Exercise -
All lines from the one containing "In this video, I'm" through the end of the material below are to be printed exactly, both ends included, minus pictures.

Data section -

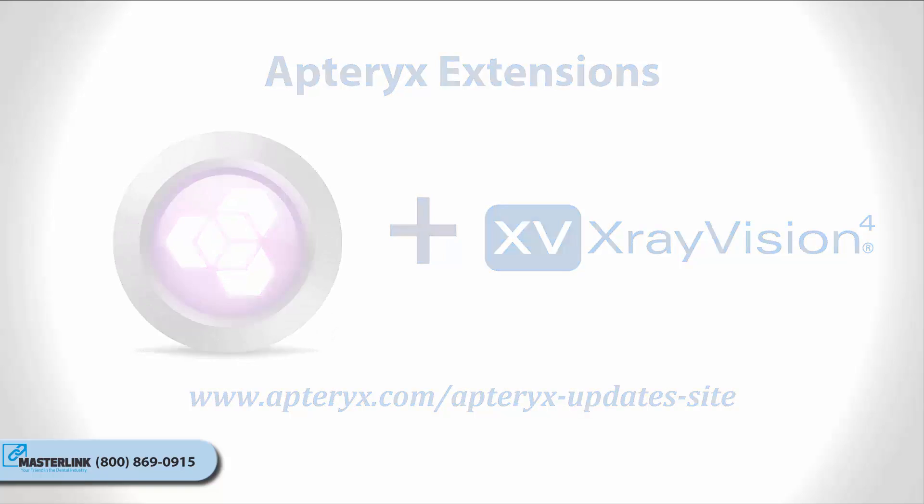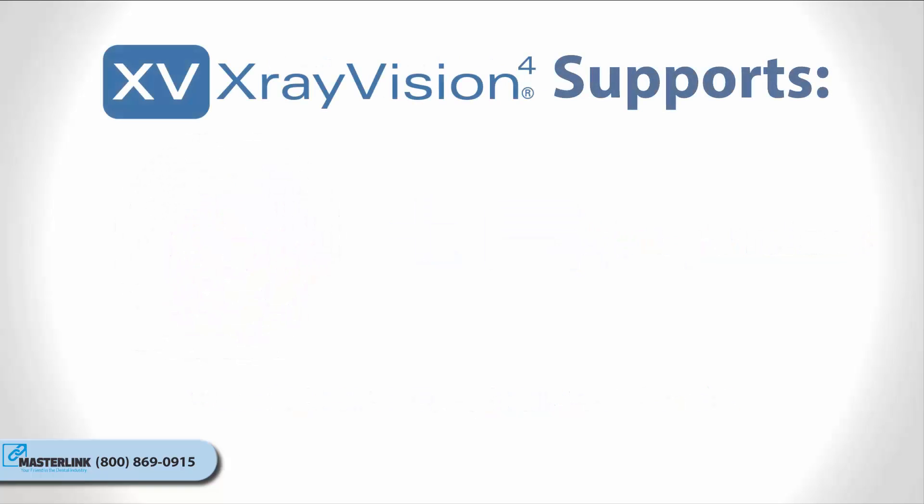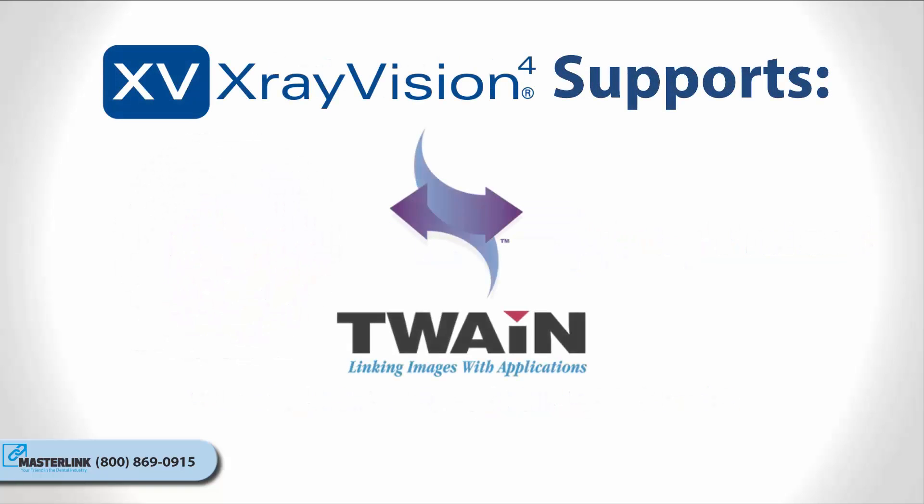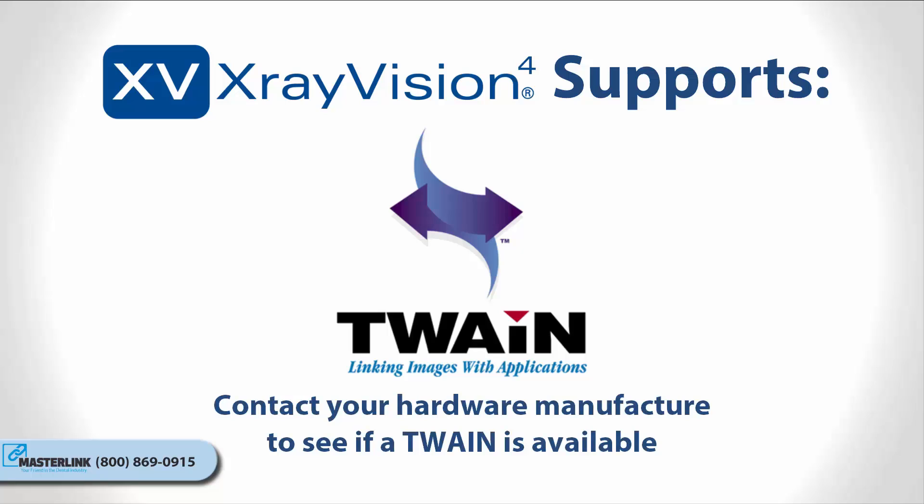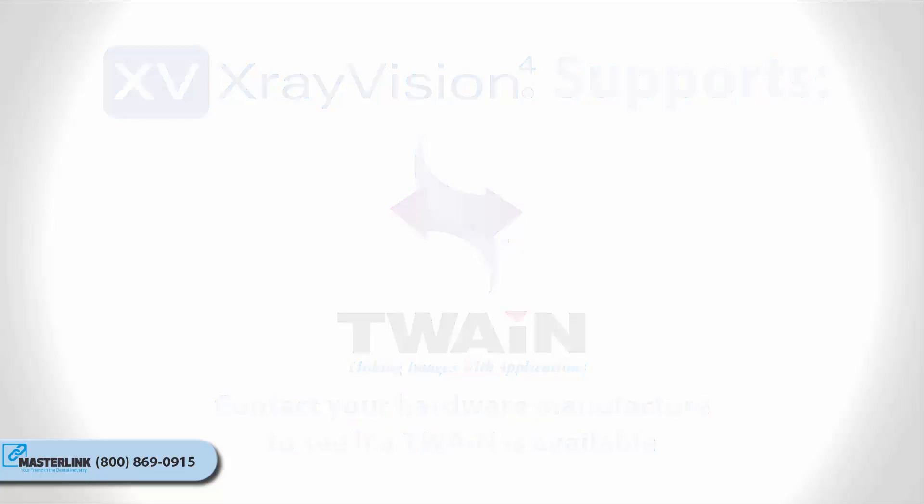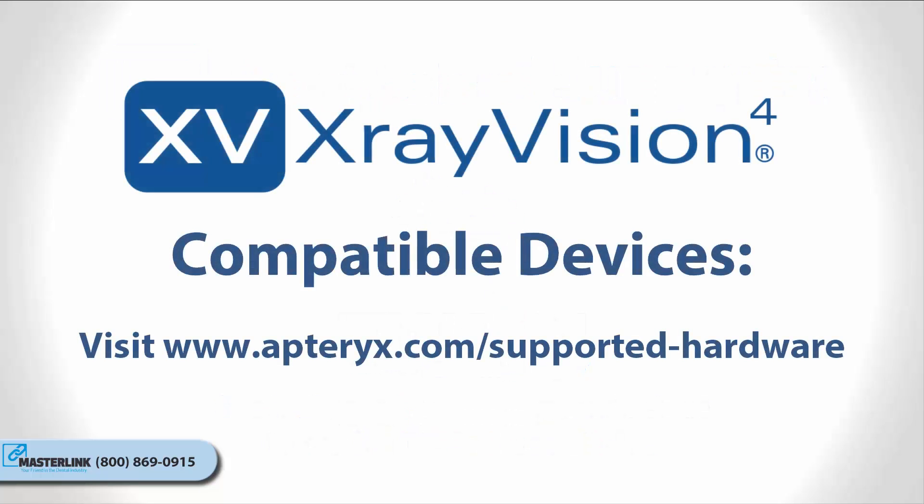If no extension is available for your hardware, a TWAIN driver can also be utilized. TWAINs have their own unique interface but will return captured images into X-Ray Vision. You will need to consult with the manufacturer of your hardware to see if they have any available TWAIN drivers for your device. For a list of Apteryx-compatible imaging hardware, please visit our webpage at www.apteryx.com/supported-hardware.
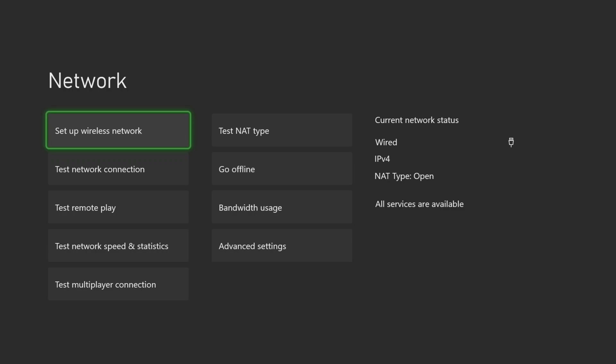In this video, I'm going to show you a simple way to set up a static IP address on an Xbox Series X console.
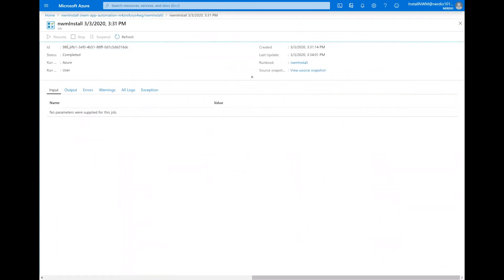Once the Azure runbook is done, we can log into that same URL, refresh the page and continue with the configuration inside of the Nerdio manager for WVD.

Expected answer -
In this video, I'm going to show you a simple way to set up a static IP address on an Xbox Series X console.
Once the Azure runbook is done, we can log into that same URL, refresh the page and continue with the configuration inside of the Nerdio manager for WVD.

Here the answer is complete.